Although serum AFP levels may be elevated in nonneoplastic conditions associated with hepatocyte regeneration such as acute and chronic viral hepatitis and cirrhosis, levels higher than 400 to 500 ng/mL are rarely seen. In chronic viral liver disease, increases in serum AFP are often episodic and correlate with increased transaminases. Other malignant neoplasms often associated with very high levels (>1000 ng/mL) of serum AFP include hepatoblastoma, germ cell tumors containing a yolk sac component, and hepatoid adenocarcinomas arising in various sites, such as stomach or ovary.

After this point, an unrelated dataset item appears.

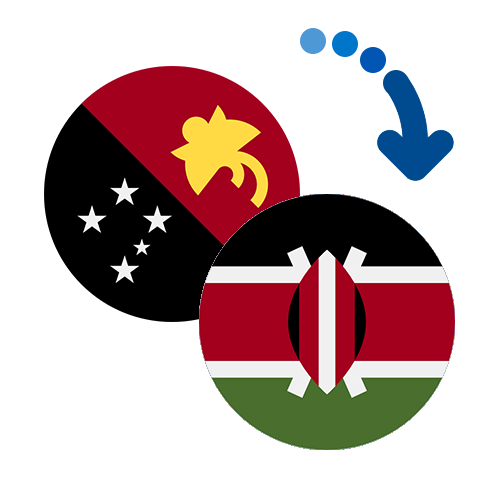 Jak wysłać pieniądze z Papui Nowej Gwinei do Kenii online?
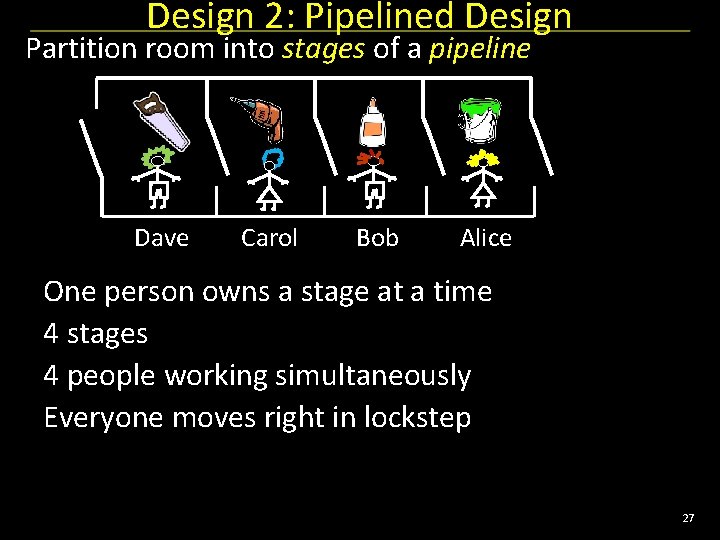 Design 2: Pipelined Design Partition room into stages of a pipeline Dave Carol Bob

Pathologic Features of Early Hepatocellular Carcinoma
MACROSCOPIC FEATURES. Early HCC is defined as measuring less than 2 cm in diameter (110). It may be indistinguishable from an MRN on gross inspection and may be recognized only at the microscopic level, often arising within a DN. Two types are recognized: the distinctly nodular type and the indistinctly (vaguely) nodular type. The latter is ill-defined on gross examination, with a vaguely nodular appearance with indistinct borders and may be difficult to distinguish from the surrounding cirrhotic liver (113). A fibrous capsule is commonly present in the distinctly nodular type of early HCC greater than 1.5 cm. The nodules often bulge above the cut surface, are rarely necrotic, and may be variegated, with green areas corresponding to bile staining and yellow areas reflecting fat accumulation in tumor cells (Fig. 37.11A). Morphologic characteristics of some early HCCs change when the nodule attains a size of 2 to 3 cm, due to development of a well-defined capsule, dedifferentiation, and clonal expansion.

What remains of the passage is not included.